# Memphis SClass 12's



## wjbrauns (Jan 13, 2009)

Hello all I am kinda new to this but let me tell you what's going on....

I have a 2008 Silverado Crew Cab and recently the car Stereo bug has took over me and my bank account....

I have installed a Alpine W505, PDX 1000.1, PDX 100.4, wasted money on a 5 fared cap (was on sale at circuit city for 50.00 bucks), and have kicker KS 6.0for mids and highs (mistake I know but bought cheap at circuit city also)...as for subs I have tried many different ones in the space that is limited to me... I have had two prefab boxes for my truck one was for two tens with about .65 air space per sub and my latest one is for the new Memphis Sclass 12's...

I have had the best results to date hands down with the memphis shallow mount subs they are not ID Q accurate (which i have tried in 10's) but they get the lower bass notes I like and get loud in my small box .85 air space per sub...They are able to take my PDX. 1000.1 at about 75% input adjusted with no distortation and sound well playing all types of music. I am really impressed with them at this point...

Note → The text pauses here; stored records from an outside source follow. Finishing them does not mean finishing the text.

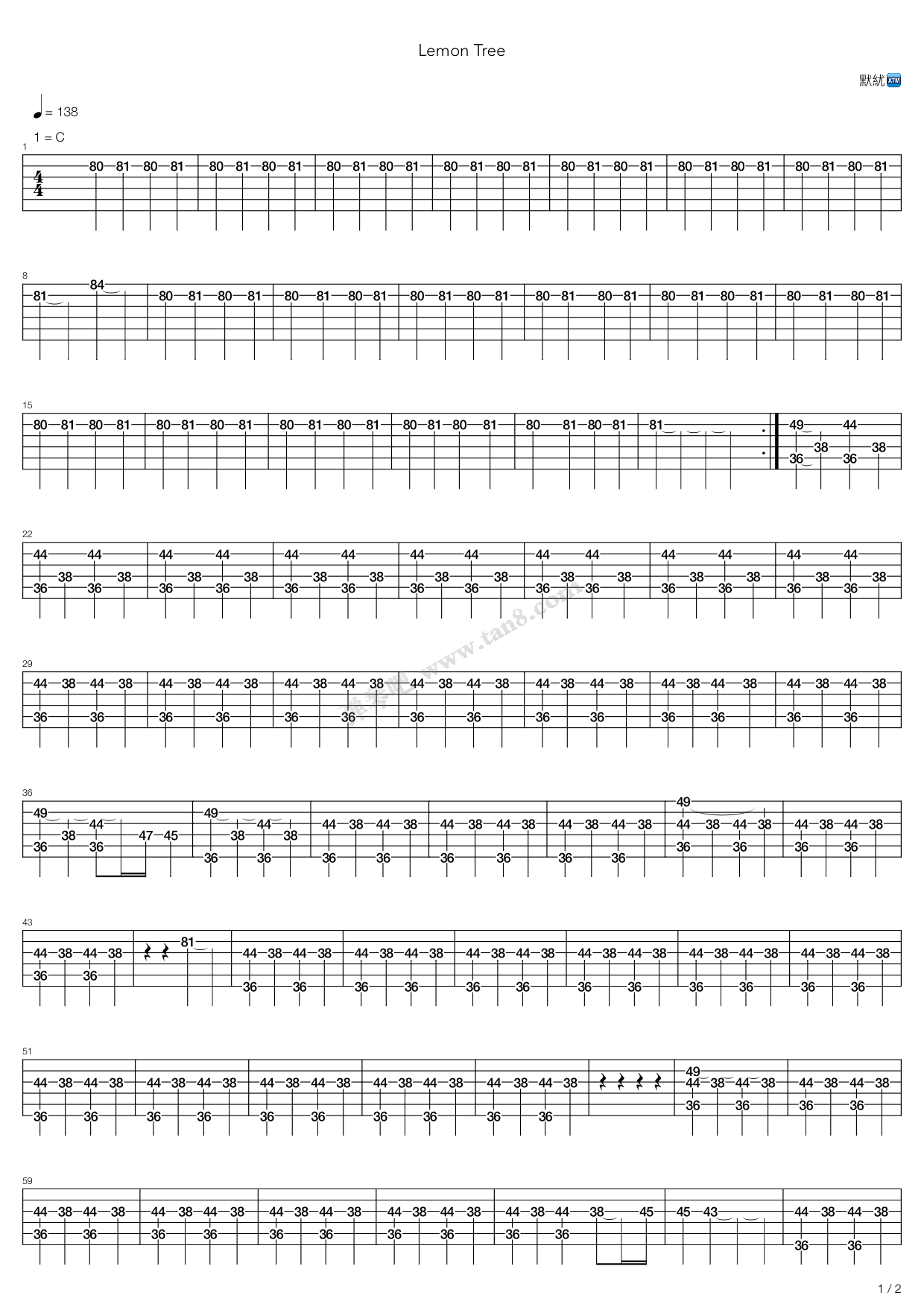 柠檬树(Intro)吉他谱 第5页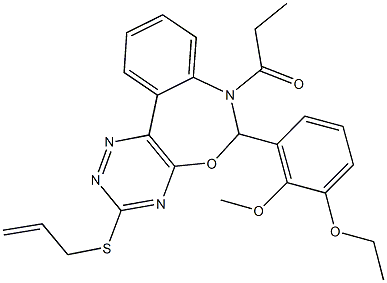 3-(allylsulfanyl)-6-(3-ethoxy-2-methoxyphenyl)-7-propionyl-6,7-dihydro[1,2,4]triazino[5,6-d][3,1]benzoxazepine Structure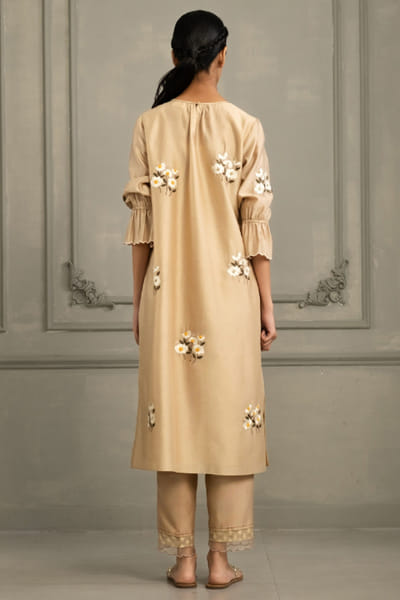 ARCVSH by Pallavi Singh Beige hand block print embroidered tunic set ARCVJUL26D150493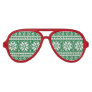 Funny red and green Ugly Christmas Sweater Aviator Sunglasses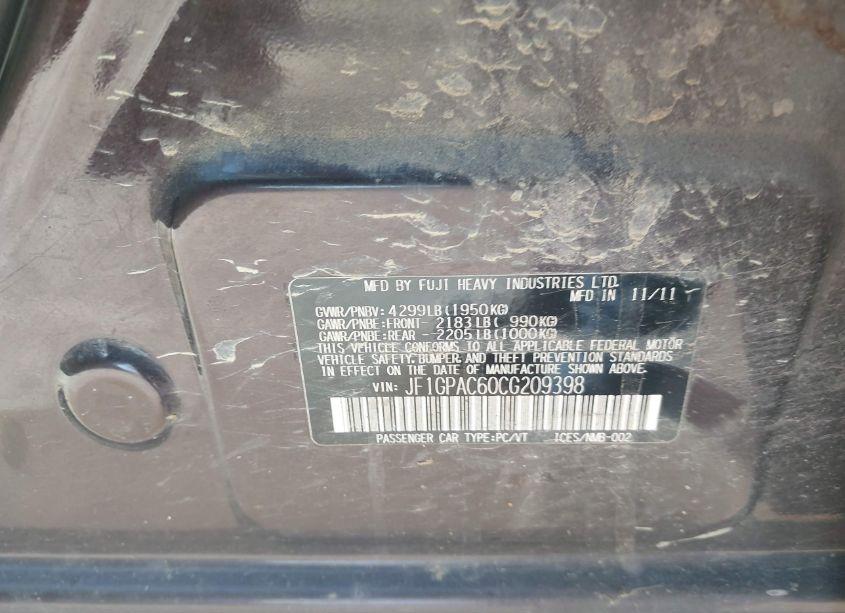 Photo 9 of 2012 Subaru Impreza 2.0I PREMIUM (VIN JF1GPAC60CG209398)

I really wanted the JL audio TW5's but i am worried that the amp would just clip out at 1.5 Ohms since it is not rated for that load....I have tried or heard all the other shallow mount subs ( Kicker, Pioneer, MTX, etc..) that were aviable at my local stores and the sound output and accuracy of the memphis had them beat in my ears with my current set up hands down...plus i only paid 159.00 a piece so that was a big bonus...


----------



## Hillbilly SQ (Jan 26, 2007)

Glad you like them. If they're like the other memphis subs you shouldn't have to replace them anytime soon. Now get that frontstage up to par!


----------



## HIS4 (Oct 6, 2005)

Good to know since I was looking at the 10s.


----------



## wjbrauns (Jan 13, 2009)

yes the 10's sounded well also the 12's just hit the deeper bass that I like.....


----------



## wjbrauns (Jan 13, 2009)

also don't be scared to run the power to them they can handle it!!!!!


----------



## wdemetrius1 (Aug 16, 2007)

Thanks for the review. I was thinking about going with the MTX subs, but I think I need to hear these first.


----------



## wjbrauns (Jan 13, 2009)

You know I tried those and the Memphis just sounded better to me....but alot of that could have just been the box I am stuck with a small truck box...I was lucky and the local shop that carried them installed them in my truck just knowing that they would sound better than the memphis and to his surprise he was wrong...The only other speaker I would really love to give a shot would be the new Kicker solo classic I have been waiting for that remake forever and I just bought the Memphis about two weeks to soon...


----------